Task material —
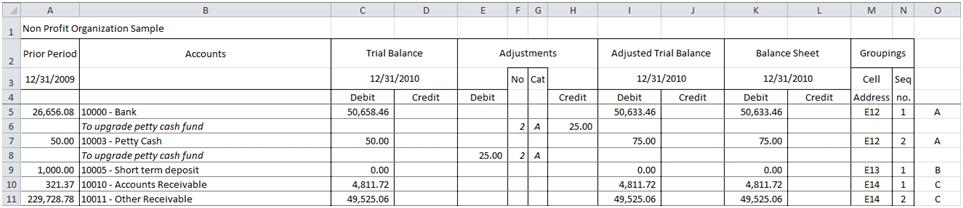 Changes made through the Real Trial Balance Data process, in the Chart of Accounts, in Adjusting Entries, in Item groupings, in the Adjusted balance button status, and in Category selection, are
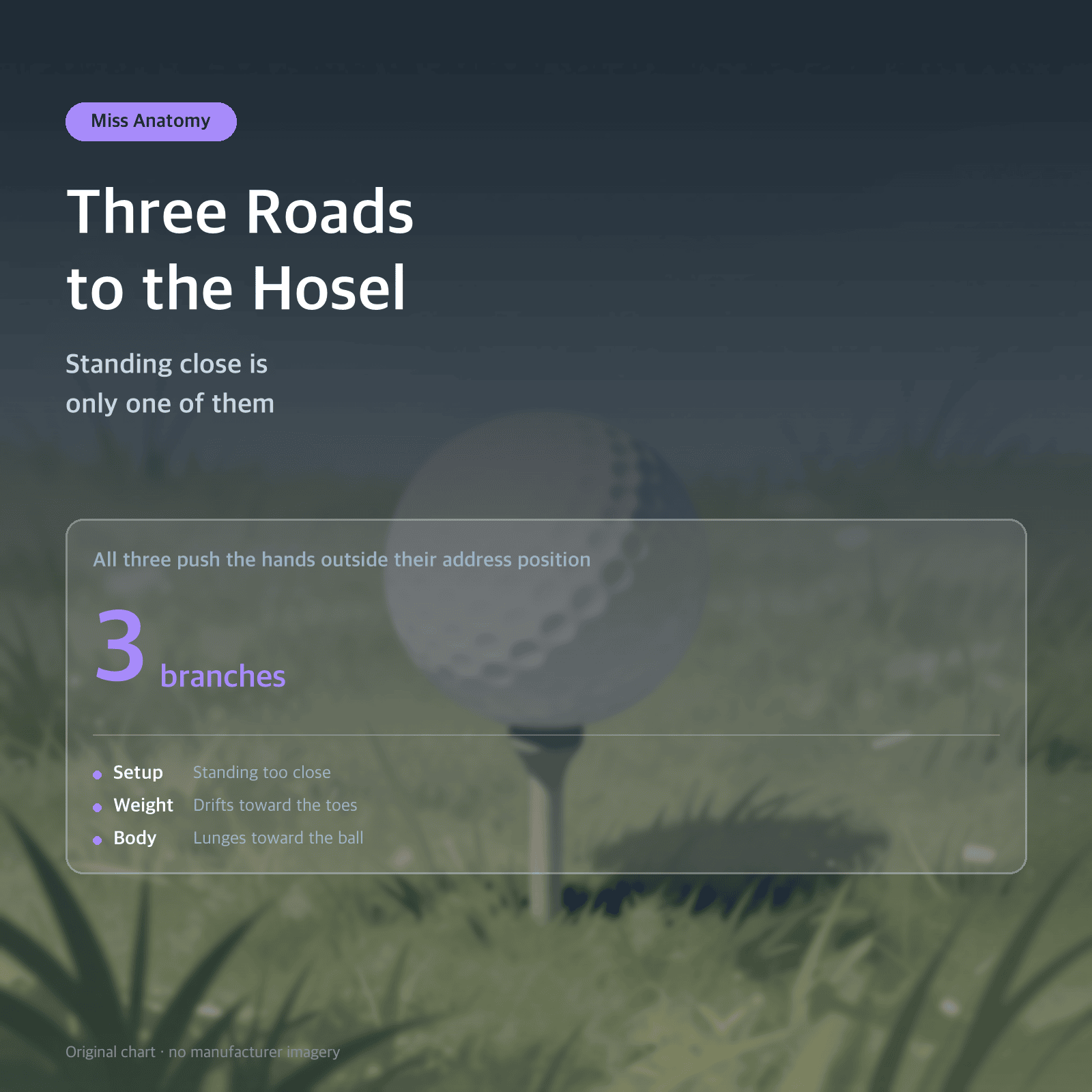 Thumbnail: Three Roads to the Hosel — Standing close is only one of them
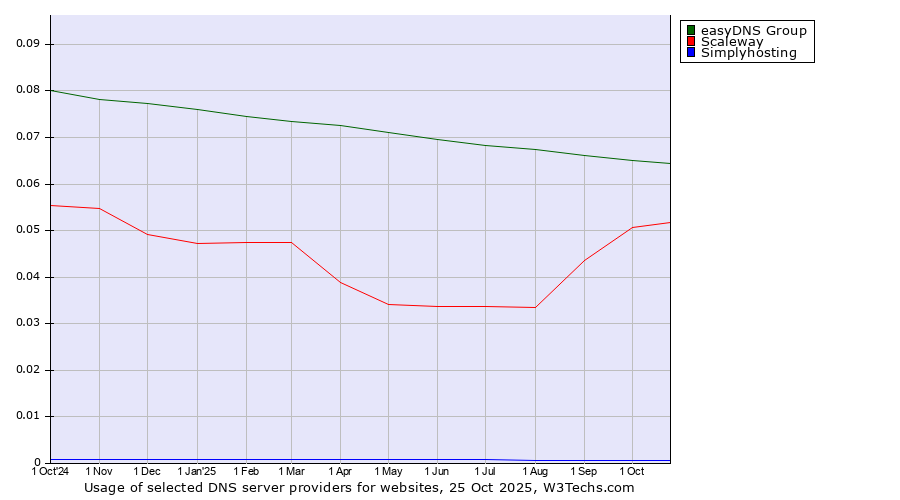 Historical trends in the usage of easyDNS Group vs. Scaleway vs. Simplyhosting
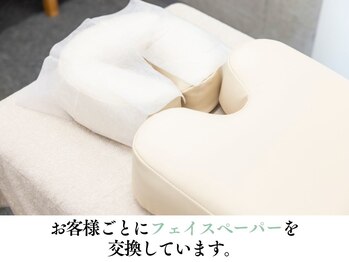 整体なかきど 広川店/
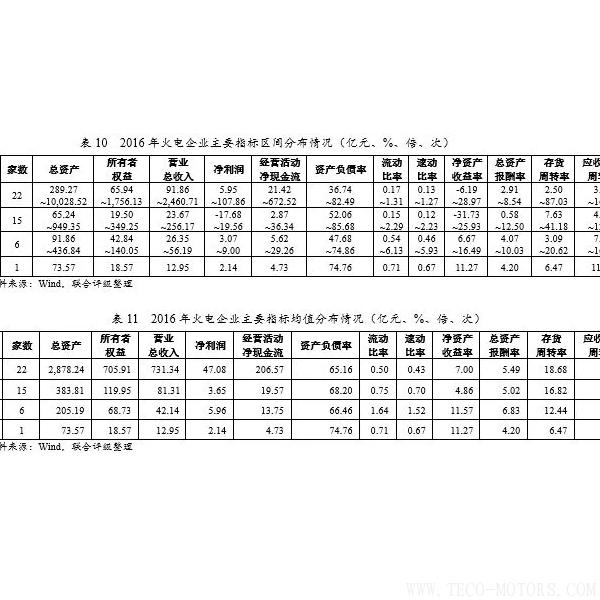 深度丨2017年中國火電行業(yè)研究報告 行業(yè)資訊 第20張 深度丨2017年中國火電行業(yè)研究報告 - TECO東元電機(jī) | 變頻器·伺服電機(jī)·減速機(jī)·電機(jī)解決方案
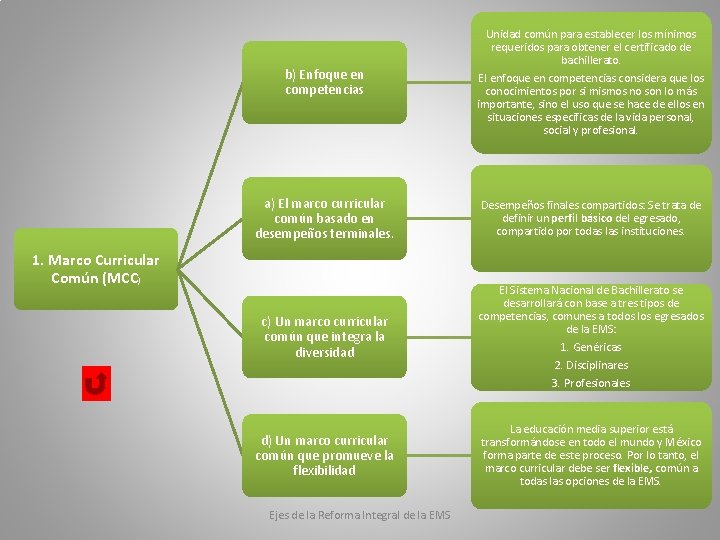 b) Enfoque en competencias Unidad común para establecer los mínimos requeridos para obtener el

Task to carry out —
Write out, please, the lines of the listing above from the one with "深度丨2017年中國火電行業(yè)研究報告 行業(yè)資訊 第20張" through the very last, exactly as given and with no pictures.

Response to the task —
 深度丨2017年中國火電行業(yè)研究報告 行業(yè)資訊 第20張 深度丨2017年中國火電行業(yè)研究報告 - TECO東元電機(jī) | 變頻器·伺服電機(jī)·減速機(jī)·電機(jī)解決方案
 b) Enfoque en competencias Unidad común para establecer los mínimos requeridos para obtener el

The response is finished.